IMPORTANT:Some policies in the new RACF driver have been updated. If you have customized any of the default policies that came with previous versions of the RACF driver, be sure to rename your policies so the upgrade process does not replace them.
When you import the new XML configuration, it will prompt you for a new driver name or allow you to select an existing driver to update. Follow these steps:
Select your existing RACF driver from the Existing drivers drop-down box.
NOTE:The new RACF driver requires a Remote Loader configuration—even if you are not using the Remote Loader task with your existing RACF driver. Importing the new driver initiates a series of prompts.
When prompted for a remote host and port, enter the IP or DNS host address for the RACF system where the driver shim started task will be running. The default port is 8090.
Enter the driver object password when prompted.
Enter the Remote Loader password when prompted.
Respond to any remaining prompts according to how you intend to use the new rules and policies provided with the new RACF driver.
Once you have finished responding to these prompts, click Next.
You will be prompted to choose any policies you wish to update.
Select, at least, the following new and required policies:
TSO (RACF) Input Transform
RACF Back Patch Transform
Final TSO Input Transform
Subscriber Append RACFCMD
Click Next.
NOTE:At this point, you might receive a -613 error from the iManager plug-ins. If this occurs, you can ignore the message and proceed.

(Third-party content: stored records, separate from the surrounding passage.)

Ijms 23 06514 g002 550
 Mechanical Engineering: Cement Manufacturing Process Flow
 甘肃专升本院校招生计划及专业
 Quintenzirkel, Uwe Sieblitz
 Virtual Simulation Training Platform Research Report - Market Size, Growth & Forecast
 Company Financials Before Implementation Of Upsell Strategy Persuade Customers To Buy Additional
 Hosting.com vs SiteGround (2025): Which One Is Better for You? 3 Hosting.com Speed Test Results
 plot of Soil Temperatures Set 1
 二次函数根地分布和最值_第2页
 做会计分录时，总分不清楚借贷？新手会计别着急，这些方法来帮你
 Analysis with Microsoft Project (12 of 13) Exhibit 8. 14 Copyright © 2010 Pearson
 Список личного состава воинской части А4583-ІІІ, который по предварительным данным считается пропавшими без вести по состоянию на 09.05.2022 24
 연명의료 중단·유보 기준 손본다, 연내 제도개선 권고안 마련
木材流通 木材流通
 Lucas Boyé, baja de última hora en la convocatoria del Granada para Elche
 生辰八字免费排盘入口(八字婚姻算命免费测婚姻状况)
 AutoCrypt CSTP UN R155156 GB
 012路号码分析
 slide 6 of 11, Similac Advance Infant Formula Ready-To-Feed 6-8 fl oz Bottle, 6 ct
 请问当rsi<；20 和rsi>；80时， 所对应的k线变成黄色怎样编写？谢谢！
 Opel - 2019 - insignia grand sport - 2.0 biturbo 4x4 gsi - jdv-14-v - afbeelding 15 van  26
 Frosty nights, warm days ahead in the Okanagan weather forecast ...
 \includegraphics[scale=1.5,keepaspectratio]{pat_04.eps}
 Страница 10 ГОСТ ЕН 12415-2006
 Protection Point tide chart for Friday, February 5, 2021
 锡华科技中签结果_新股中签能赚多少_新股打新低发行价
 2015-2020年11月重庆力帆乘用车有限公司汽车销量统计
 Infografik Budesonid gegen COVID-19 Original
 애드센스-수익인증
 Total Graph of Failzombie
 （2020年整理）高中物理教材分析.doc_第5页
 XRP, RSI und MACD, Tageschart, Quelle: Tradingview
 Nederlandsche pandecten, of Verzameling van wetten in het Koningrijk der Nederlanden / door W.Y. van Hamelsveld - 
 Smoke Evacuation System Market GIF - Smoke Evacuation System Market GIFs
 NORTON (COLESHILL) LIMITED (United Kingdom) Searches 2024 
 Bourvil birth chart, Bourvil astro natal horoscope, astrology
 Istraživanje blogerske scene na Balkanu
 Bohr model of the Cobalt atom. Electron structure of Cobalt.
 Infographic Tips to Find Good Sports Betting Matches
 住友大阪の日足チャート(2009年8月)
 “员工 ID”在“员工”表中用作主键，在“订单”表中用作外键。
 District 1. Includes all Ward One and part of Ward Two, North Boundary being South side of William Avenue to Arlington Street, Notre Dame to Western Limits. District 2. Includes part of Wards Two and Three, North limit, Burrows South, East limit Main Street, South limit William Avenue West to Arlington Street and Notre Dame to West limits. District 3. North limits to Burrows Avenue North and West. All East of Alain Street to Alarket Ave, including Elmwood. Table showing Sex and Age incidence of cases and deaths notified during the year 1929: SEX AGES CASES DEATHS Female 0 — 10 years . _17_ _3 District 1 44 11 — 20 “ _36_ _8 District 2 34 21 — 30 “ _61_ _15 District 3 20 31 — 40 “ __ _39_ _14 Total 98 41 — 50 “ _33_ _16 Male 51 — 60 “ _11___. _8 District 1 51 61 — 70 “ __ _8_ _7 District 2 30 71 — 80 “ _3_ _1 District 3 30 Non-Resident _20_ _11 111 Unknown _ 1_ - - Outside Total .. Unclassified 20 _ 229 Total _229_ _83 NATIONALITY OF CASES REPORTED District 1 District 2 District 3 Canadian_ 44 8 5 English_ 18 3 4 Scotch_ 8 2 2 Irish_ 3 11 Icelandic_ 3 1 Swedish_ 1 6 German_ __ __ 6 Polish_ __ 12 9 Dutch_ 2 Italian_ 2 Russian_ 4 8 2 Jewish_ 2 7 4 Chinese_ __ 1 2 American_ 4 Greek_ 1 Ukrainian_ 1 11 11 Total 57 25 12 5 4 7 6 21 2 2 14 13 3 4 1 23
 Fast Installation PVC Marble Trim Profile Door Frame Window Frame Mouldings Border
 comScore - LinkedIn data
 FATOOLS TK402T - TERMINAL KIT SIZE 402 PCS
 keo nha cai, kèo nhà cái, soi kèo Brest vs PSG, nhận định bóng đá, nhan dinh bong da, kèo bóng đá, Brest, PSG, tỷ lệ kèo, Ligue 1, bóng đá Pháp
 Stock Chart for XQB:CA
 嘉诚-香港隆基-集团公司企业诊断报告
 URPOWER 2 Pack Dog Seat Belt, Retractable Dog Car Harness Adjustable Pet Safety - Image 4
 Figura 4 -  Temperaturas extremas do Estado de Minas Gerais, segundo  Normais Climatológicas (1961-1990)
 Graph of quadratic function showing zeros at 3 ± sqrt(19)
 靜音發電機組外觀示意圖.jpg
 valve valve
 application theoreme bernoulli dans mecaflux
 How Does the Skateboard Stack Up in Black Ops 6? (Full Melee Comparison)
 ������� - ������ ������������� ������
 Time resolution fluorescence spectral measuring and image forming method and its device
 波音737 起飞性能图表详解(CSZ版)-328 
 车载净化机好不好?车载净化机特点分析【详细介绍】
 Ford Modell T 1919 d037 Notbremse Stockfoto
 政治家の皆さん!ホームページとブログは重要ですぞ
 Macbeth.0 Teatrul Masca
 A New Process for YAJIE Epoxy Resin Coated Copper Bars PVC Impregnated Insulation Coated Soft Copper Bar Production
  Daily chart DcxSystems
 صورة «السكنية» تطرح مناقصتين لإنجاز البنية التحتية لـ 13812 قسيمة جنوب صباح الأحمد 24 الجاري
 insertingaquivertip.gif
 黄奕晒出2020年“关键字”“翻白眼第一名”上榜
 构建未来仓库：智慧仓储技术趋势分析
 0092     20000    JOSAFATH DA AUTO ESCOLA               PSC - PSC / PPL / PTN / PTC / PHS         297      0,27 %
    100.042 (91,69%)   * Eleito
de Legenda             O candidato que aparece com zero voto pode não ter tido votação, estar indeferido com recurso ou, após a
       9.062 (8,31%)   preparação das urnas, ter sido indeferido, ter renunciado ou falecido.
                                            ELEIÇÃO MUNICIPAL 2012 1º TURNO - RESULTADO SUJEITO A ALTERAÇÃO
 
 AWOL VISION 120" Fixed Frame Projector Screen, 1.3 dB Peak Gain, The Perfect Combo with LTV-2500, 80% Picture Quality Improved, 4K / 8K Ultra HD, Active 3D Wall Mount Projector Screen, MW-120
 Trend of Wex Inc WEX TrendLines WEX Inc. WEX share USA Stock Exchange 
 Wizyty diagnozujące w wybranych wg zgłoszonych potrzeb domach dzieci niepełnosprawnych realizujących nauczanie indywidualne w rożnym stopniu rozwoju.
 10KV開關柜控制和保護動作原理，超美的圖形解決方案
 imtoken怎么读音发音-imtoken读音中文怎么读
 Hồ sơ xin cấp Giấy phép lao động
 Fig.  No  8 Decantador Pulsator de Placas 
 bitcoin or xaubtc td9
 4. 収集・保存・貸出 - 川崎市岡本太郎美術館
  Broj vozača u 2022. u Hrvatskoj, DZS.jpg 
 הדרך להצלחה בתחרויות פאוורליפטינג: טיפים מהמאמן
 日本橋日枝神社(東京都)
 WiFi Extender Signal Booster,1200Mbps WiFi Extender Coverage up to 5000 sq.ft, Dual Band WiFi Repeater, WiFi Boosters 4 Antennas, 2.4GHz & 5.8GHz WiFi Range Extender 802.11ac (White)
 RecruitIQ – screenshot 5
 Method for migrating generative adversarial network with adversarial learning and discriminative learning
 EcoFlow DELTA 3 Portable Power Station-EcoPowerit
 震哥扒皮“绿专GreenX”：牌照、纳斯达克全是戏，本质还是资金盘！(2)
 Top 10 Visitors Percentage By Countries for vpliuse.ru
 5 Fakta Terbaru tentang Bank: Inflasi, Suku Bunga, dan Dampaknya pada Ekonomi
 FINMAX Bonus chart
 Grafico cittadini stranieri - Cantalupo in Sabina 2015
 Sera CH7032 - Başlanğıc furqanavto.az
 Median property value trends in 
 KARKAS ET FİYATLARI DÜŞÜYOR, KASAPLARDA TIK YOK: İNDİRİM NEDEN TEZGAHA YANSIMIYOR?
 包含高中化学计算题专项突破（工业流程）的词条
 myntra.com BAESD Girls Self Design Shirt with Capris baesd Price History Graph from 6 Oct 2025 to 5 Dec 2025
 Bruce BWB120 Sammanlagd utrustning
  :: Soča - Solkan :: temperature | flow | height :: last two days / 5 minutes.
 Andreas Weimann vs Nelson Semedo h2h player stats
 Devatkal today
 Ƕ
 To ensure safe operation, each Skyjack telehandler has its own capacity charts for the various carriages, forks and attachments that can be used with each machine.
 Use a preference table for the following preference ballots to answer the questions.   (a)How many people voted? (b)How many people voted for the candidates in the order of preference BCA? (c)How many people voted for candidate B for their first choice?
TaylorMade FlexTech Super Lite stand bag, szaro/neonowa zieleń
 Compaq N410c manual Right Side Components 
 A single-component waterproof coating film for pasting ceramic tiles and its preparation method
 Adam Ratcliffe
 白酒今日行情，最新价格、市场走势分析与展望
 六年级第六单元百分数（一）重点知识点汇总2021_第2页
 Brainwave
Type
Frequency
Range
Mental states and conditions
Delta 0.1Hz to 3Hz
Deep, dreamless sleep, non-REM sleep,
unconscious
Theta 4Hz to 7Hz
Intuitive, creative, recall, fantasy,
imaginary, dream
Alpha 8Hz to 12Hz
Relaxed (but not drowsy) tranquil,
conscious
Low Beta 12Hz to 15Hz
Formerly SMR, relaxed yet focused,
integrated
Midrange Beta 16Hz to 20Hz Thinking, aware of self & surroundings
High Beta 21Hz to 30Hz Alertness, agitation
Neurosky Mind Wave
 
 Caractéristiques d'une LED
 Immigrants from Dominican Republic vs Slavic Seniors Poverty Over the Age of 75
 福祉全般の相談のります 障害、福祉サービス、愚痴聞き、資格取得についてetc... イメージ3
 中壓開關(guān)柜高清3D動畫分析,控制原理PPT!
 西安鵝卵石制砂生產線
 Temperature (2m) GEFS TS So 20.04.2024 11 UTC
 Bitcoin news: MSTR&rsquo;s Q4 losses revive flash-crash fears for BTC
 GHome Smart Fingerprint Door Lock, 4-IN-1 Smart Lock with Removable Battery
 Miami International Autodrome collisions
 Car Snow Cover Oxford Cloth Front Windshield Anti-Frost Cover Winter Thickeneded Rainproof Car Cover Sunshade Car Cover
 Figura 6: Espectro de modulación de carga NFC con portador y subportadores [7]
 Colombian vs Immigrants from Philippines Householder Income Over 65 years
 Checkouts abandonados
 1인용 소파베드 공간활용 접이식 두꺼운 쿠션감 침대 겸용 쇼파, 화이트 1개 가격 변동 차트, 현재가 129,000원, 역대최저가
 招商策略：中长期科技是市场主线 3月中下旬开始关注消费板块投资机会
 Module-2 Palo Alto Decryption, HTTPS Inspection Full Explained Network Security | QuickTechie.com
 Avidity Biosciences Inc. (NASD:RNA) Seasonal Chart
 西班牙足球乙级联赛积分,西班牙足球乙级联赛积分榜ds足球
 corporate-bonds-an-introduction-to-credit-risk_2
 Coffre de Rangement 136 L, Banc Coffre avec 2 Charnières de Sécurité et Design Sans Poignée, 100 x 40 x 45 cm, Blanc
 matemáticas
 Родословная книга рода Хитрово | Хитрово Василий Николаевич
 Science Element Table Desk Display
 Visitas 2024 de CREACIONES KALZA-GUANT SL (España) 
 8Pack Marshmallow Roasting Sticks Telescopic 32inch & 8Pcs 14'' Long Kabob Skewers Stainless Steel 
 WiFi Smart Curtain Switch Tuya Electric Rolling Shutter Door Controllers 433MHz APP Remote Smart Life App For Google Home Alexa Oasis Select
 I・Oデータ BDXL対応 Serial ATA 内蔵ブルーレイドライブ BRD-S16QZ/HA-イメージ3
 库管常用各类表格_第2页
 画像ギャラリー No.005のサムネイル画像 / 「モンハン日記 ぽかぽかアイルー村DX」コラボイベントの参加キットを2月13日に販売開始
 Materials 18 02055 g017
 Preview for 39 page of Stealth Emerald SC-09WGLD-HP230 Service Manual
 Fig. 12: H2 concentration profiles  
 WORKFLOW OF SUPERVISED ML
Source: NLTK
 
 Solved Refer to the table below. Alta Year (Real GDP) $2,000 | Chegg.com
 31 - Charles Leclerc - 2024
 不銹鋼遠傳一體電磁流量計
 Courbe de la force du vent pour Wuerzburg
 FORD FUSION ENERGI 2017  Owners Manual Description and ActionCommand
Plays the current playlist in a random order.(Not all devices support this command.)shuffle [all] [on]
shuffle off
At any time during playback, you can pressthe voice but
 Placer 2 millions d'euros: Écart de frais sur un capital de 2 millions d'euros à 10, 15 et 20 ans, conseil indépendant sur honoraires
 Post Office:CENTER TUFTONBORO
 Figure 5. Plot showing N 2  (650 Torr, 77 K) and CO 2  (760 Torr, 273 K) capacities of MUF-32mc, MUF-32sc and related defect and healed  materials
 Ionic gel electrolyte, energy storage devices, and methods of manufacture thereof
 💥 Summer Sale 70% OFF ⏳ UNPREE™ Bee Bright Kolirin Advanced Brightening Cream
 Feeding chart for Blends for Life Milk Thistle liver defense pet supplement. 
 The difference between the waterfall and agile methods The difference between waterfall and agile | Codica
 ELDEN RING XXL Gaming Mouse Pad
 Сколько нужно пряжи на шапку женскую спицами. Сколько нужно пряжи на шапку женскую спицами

Click Finish to complete the upgrade.
You also will need to restore any custom RACF driver policies you have written. To do this:
Return to the Driver Overview page.
Select the Policy Set from which you wish to restore custom policies.
Click Insert > Use an existing policy to browse for the name of the custom policy.
Repeat steps 2-4 for each custom policy you wish to restore.
If you received a -613 error in Step 8 above, you will need to link the required policies manually. To do this:
Return to the Driver Overview page.
Select the Input Transform policies.
Select Publisher Input Transformation and click Insert to insert the new required input transformation policies.
Select Use an existing policy option, then select Final TSO Input Transform.
Repeat Step 4 for RACF Back Patch Transform and TSO (RACF) Input Transform.
Select, then remove, Input Transformation and Input Transformation Script.
The remaining Input Transform policies should display as follows:
TSO (RACF) Input Transform
RACF Back Patch Transform
Final TSO Input Transform
Update Subscriber Output Transformation Policies and follow the same steps to insert Subscriber Append RACFCMD as the first policy in the list.